Jewell pleased by attacking Town
Ipswich boss Paul Jewell hailed his side's attacking quality after their emphatic 3-0 victory against Coventry.
The Tractor Boys have made a miserable start to the new season, losing five of their first seven matches but they put the record straight with a polished, enterprising performance and the only surprise was that they did not score more.
"The game could have been over by half-time and it was nice to put in a decent attacking performance for our supporters," Jewell said.
"We've got a lot of new players and it was never going to happen overnight, but tonight we showed what we're capable of. The players showed a lot of character and from the first whistle we closed them down, passed the ball well and created opportunities, which we haven't been doing.
"Goals change games and if they'd scored first, the boot would have been on the other foot. It's all about building confidence but we're not going to get carried away after one game. We were a little bit too open at times but at least we created opportunities and put them on the back foot."

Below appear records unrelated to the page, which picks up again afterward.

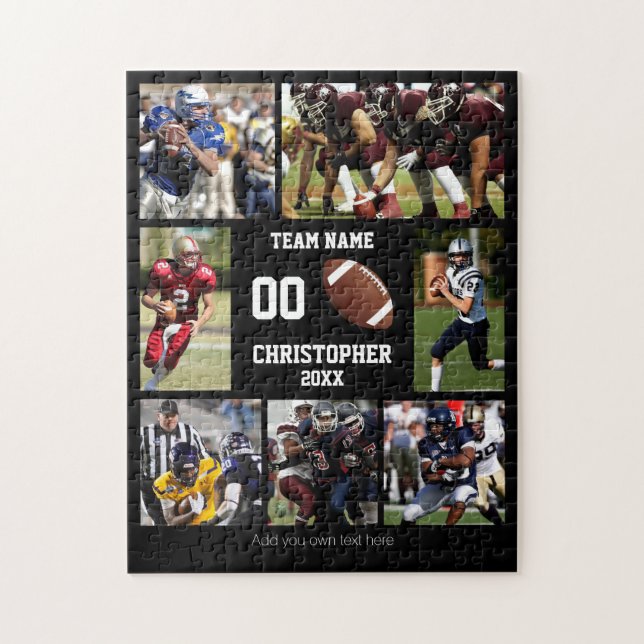Football Foto Collage (Vertikal)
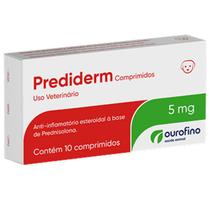 Anti-Inflamatório PREDIDERM 5mg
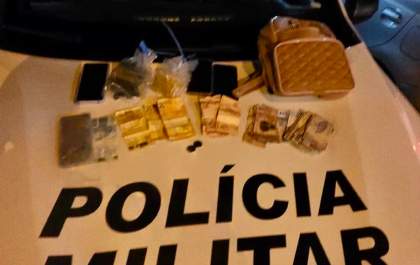 Polícia Militar prende duas mulheres por tráfico de drogas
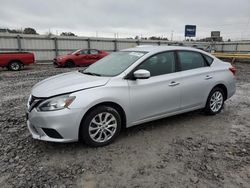 Salvage cars for sale at auction: 2018 Nissan Sentra S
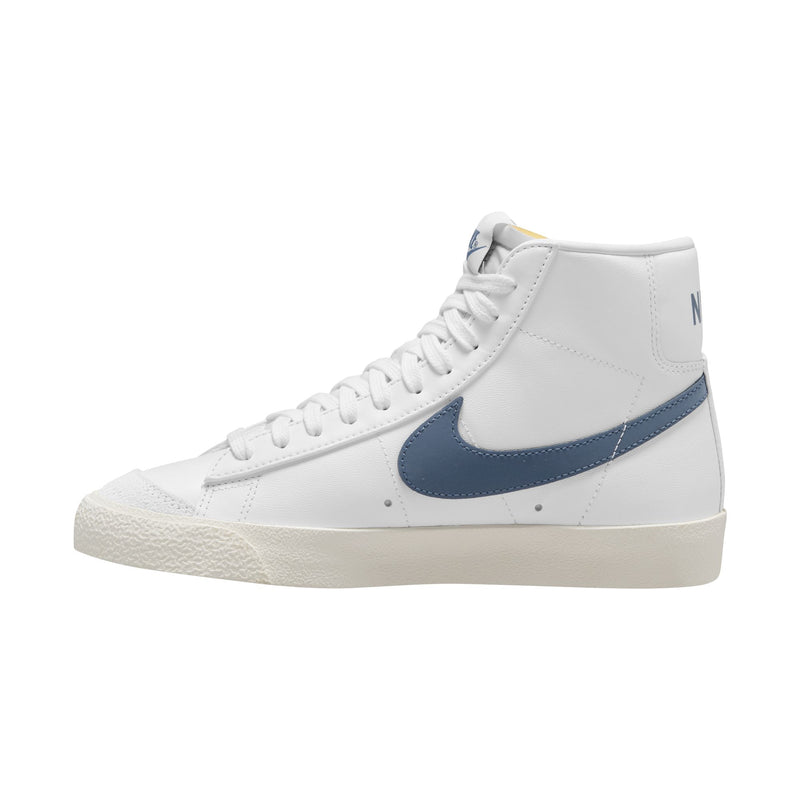 nike blazer blue swoosh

Martin Cranie's own goal and a second from Keith Andrews put them in the driving seat within 15 minutes. And although a flurry of chances followed in the first half, it was not until midway through the second period that they added their third through Jason Scotland.
"We never got going and for 20 minutes we were still in the dressing room," said Coventry boss Andy Thorn. "Against good, experienced players you can't do that and they played really well in that period.

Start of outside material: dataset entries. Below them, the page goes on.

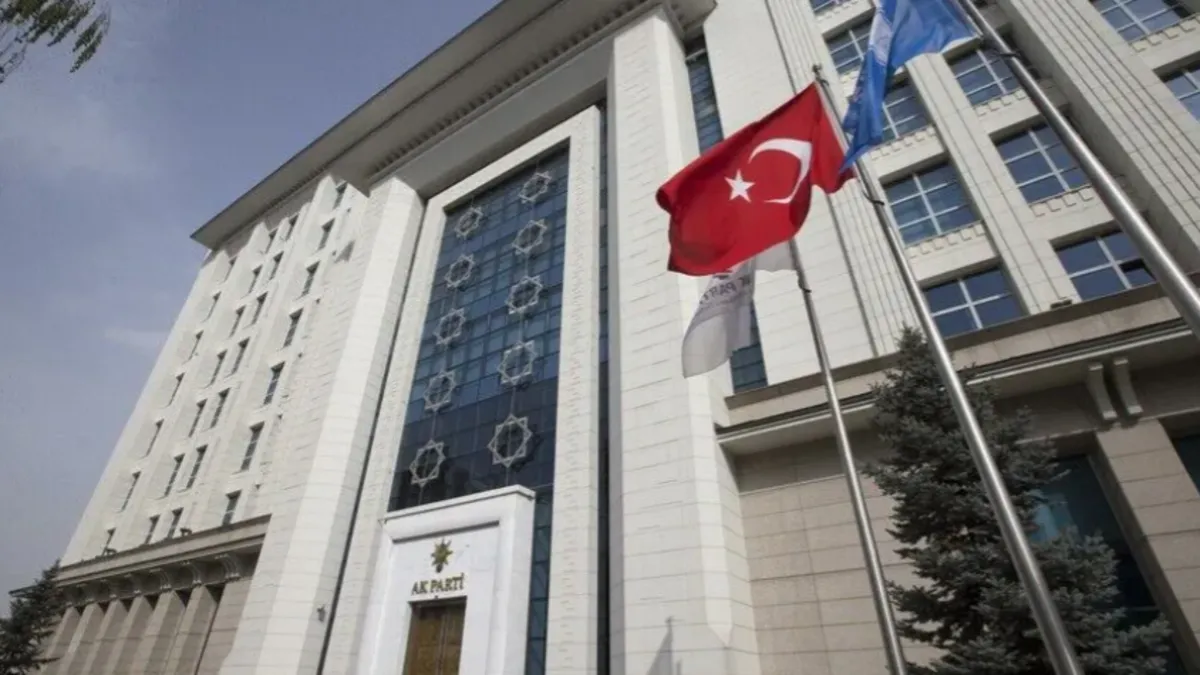 AK Parti'ye 9 belediye başkanı katılacak: Genişletilmiş İl Başkanları Toplantısı'nda rozetleri takılacak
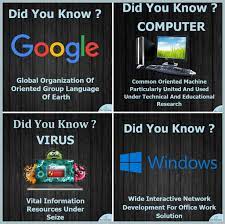 Want to learn even more? Some Of The Most Famous Technology Abbreviations You Should Know Technicalabbre Interesting Science Facts Interesting Facts About World General Knowledge Facts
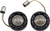 CUSTOM DYNAMICS - PB-BR-AW-57-BS - Bullet Turn Signal 1157 - Black - Smoke Lens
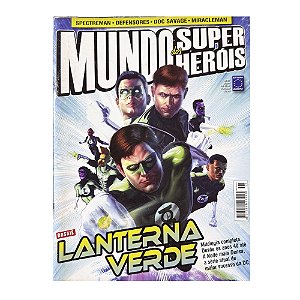 Mundo dos Super Heróis: Lanterna Verde - Nº 21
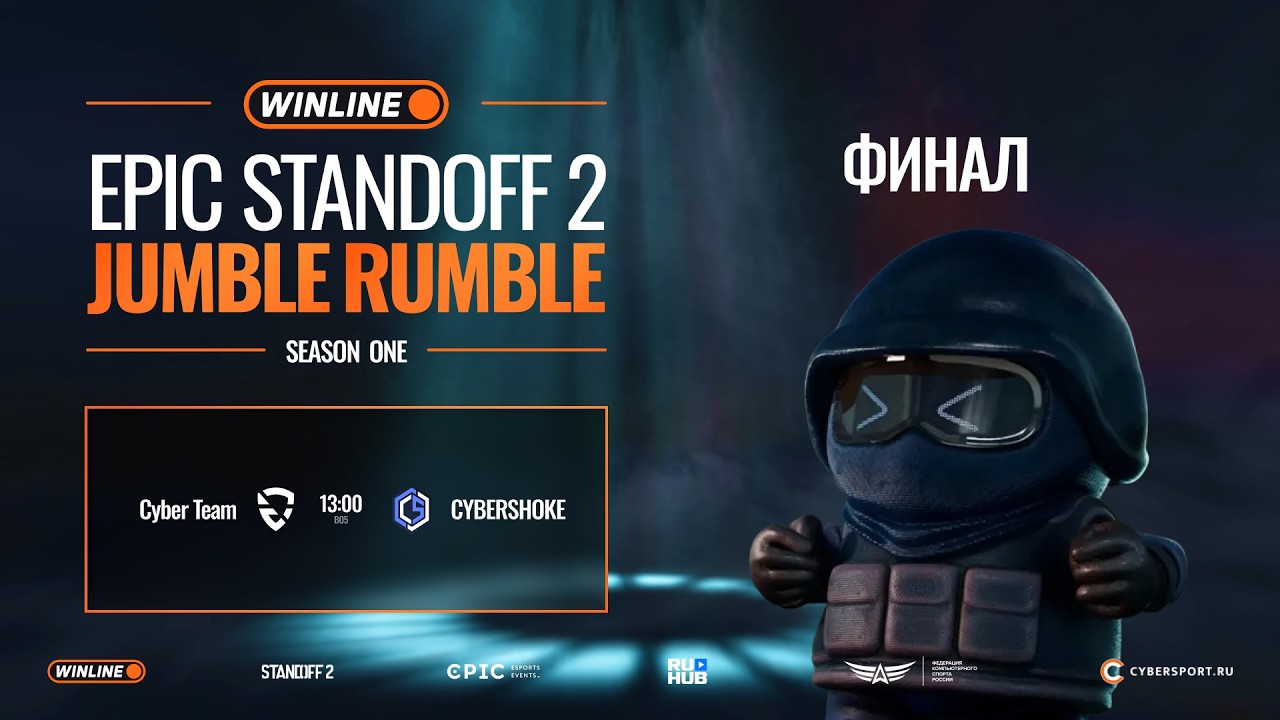 [WINLINE EPIC Standoff 2 Jumble Rumble S1] Final day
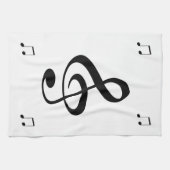 Musik Handtuch (Horizontal)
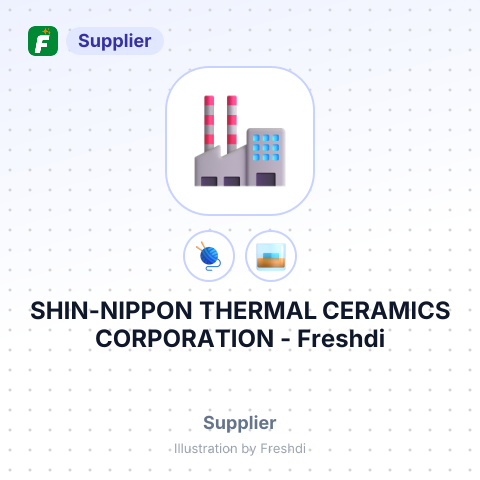 SHIN-NIPPON THERMAL CERAMICS CORPORATION – summary card, no photo uploaded yet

"Ipswich are the best side we've played this season but, having said that, that was our worst performance. We gave ourselves a mountain to climb and that was disappointing because one of our strengths has been winning early battles and weathering storms.
"Going into the game we had the best defensive record, in terms of goals conceded, and that made it even more frustrating.
"We were proud of that and are disappointed by the manner in which we've let it slip, but no individuals were to blame. It's a collective thing and we all contributed to our own downfall."